------ Supplied entries ------

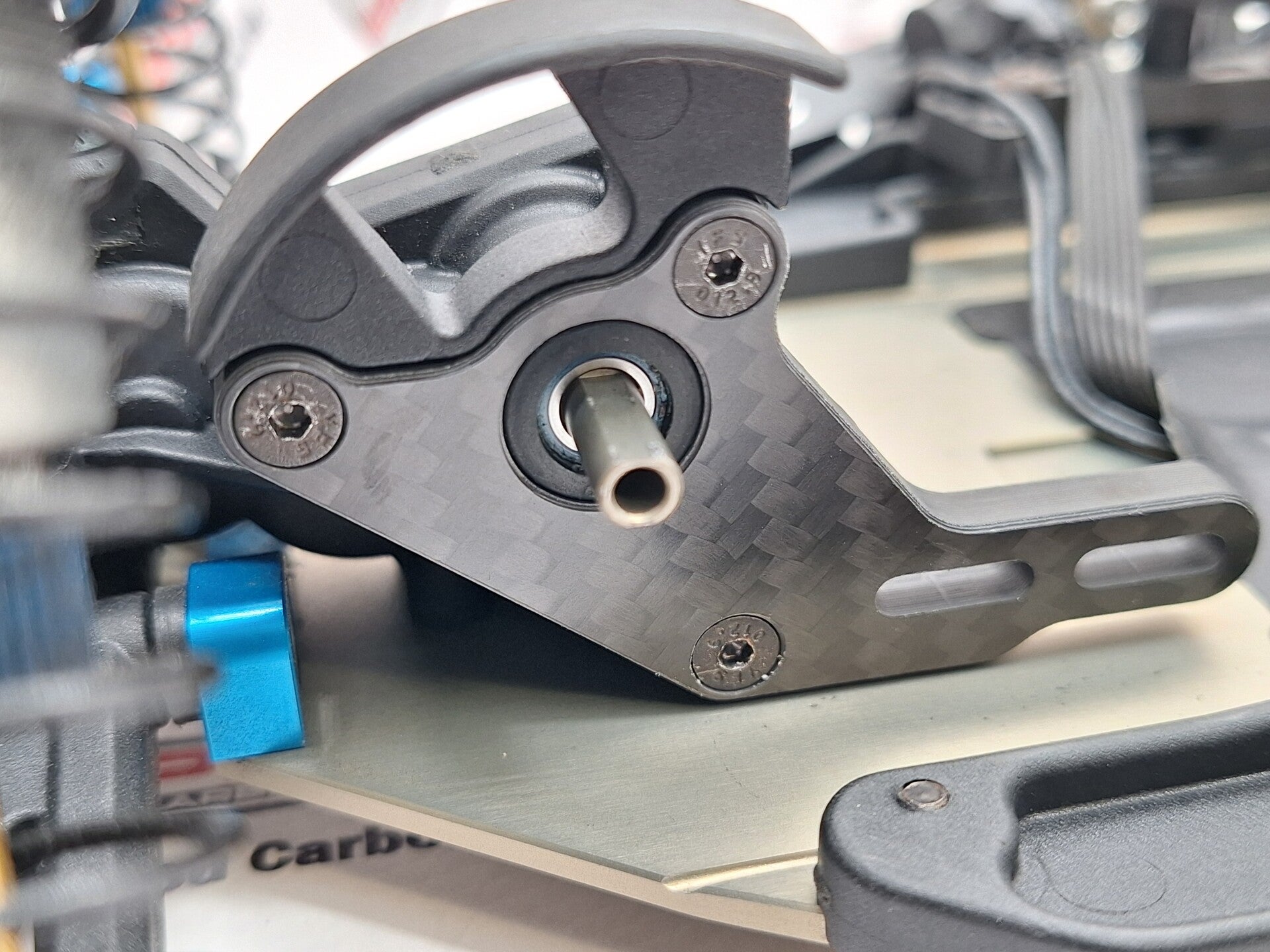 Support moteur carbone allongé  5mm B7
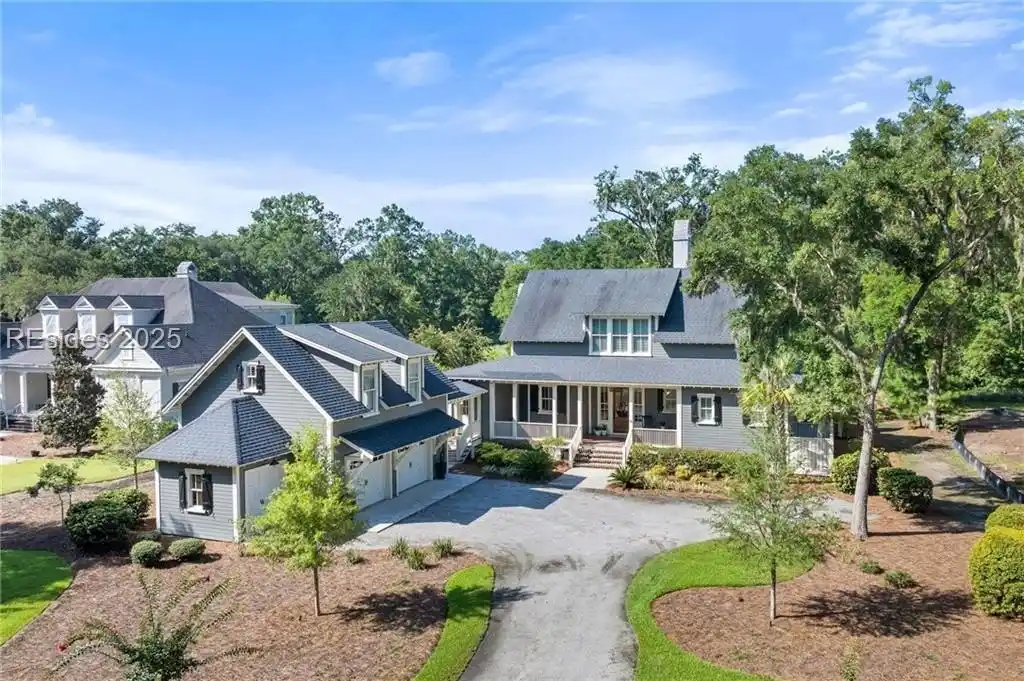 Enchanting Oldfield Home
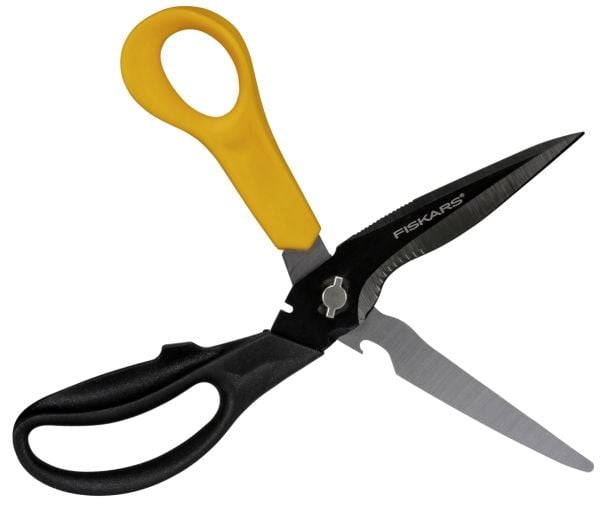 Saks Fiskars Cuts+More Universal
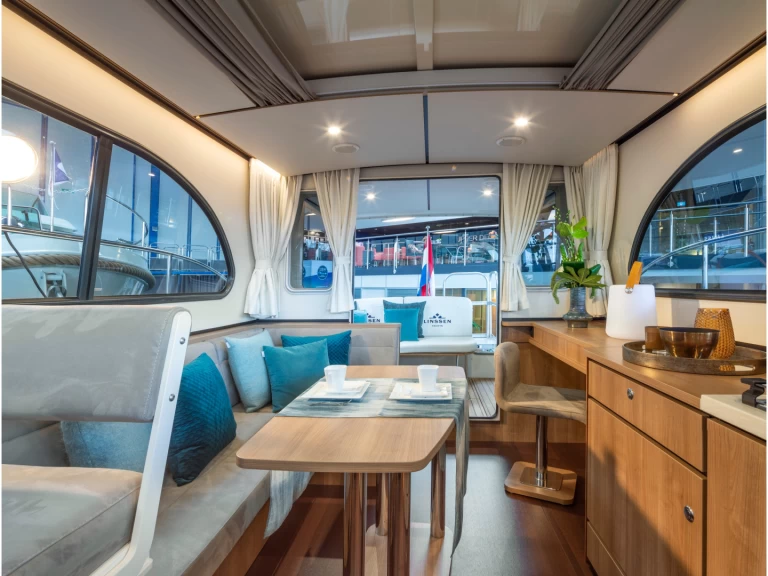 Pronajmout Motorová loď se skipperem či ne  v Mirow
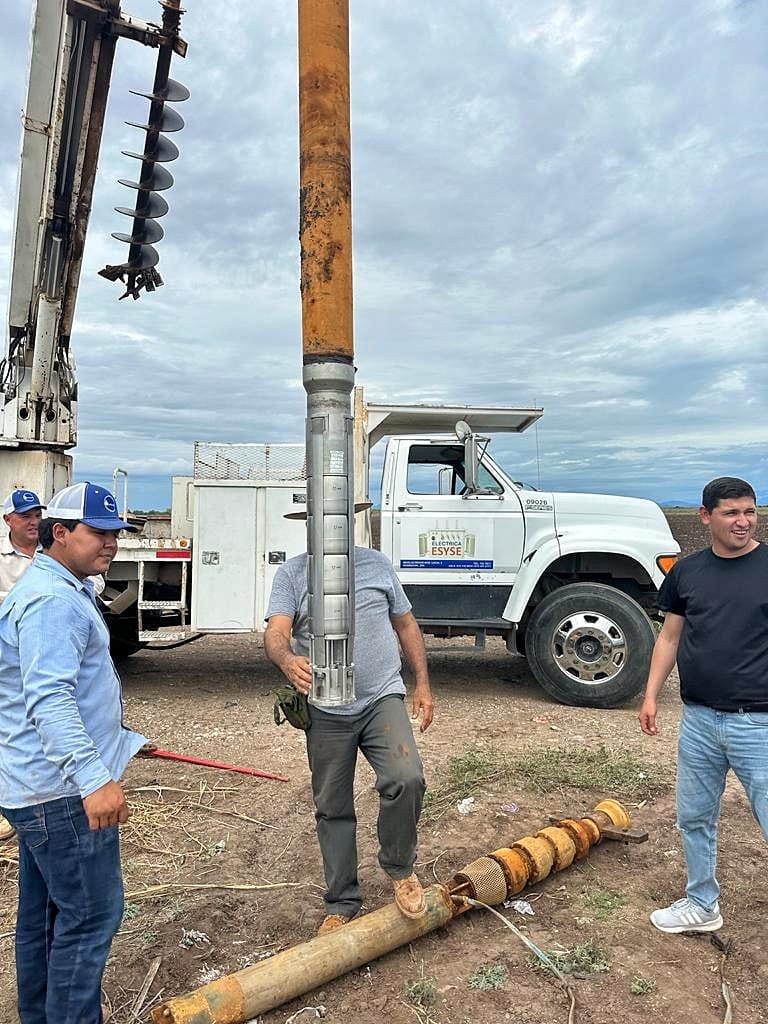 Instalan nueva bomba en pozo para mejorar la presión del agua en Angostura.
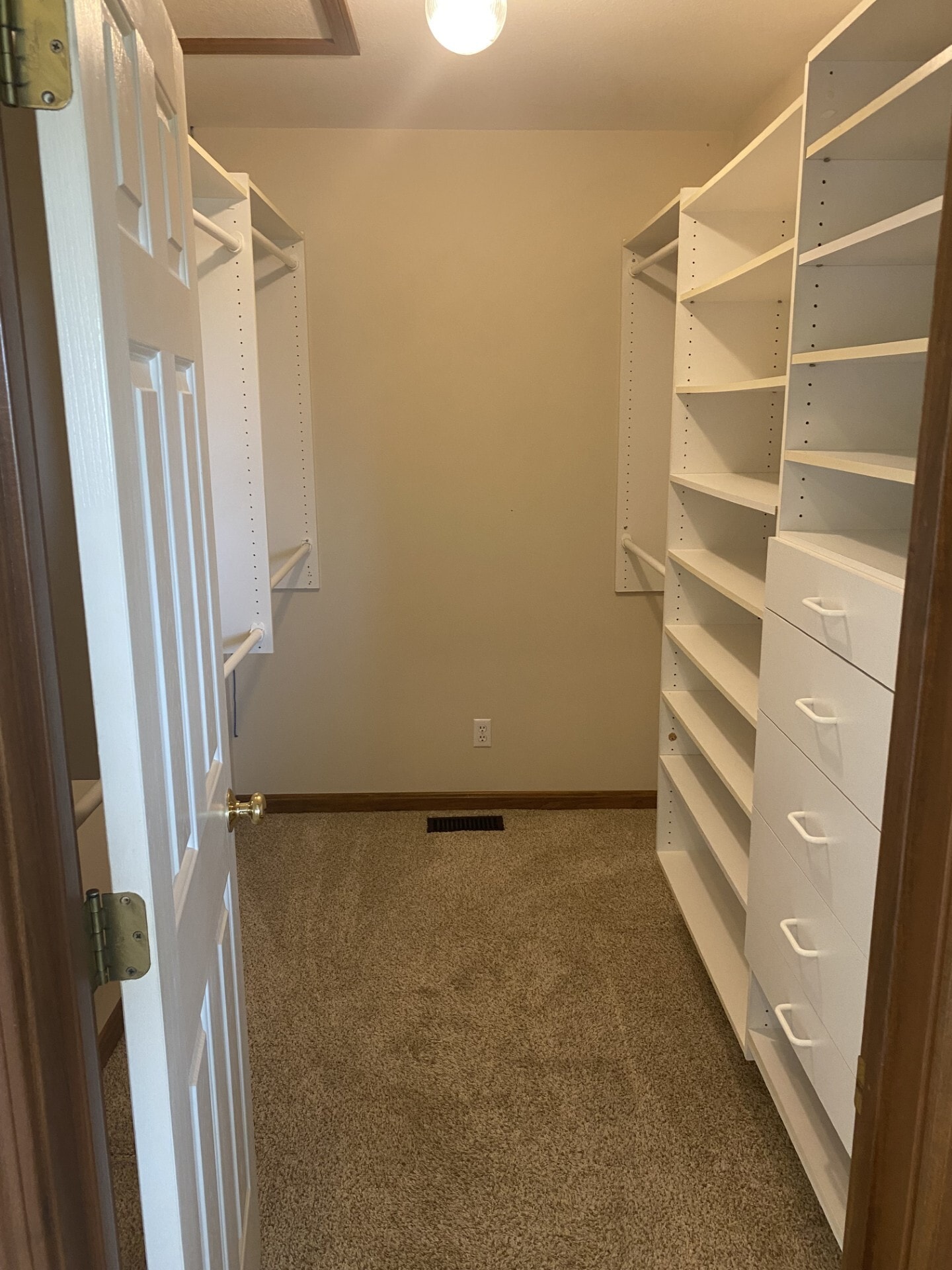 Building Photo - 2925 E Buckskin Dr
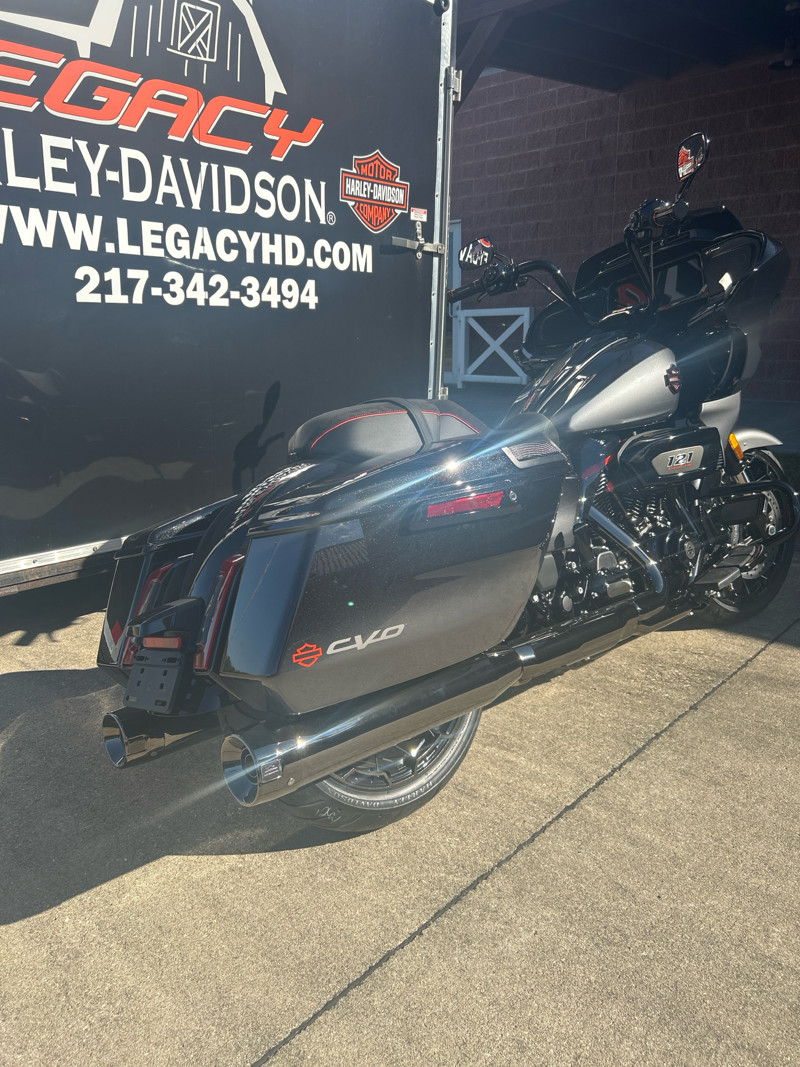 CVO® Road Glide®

------

Please write out the lines from the one that holds "Building Photo - 2925 E Buckskin Dr" through the end of the material, both ends included, exactly and with no pictures.

 Building Photo - 2925 E Buckskin Dr
 CVO® Road Glide®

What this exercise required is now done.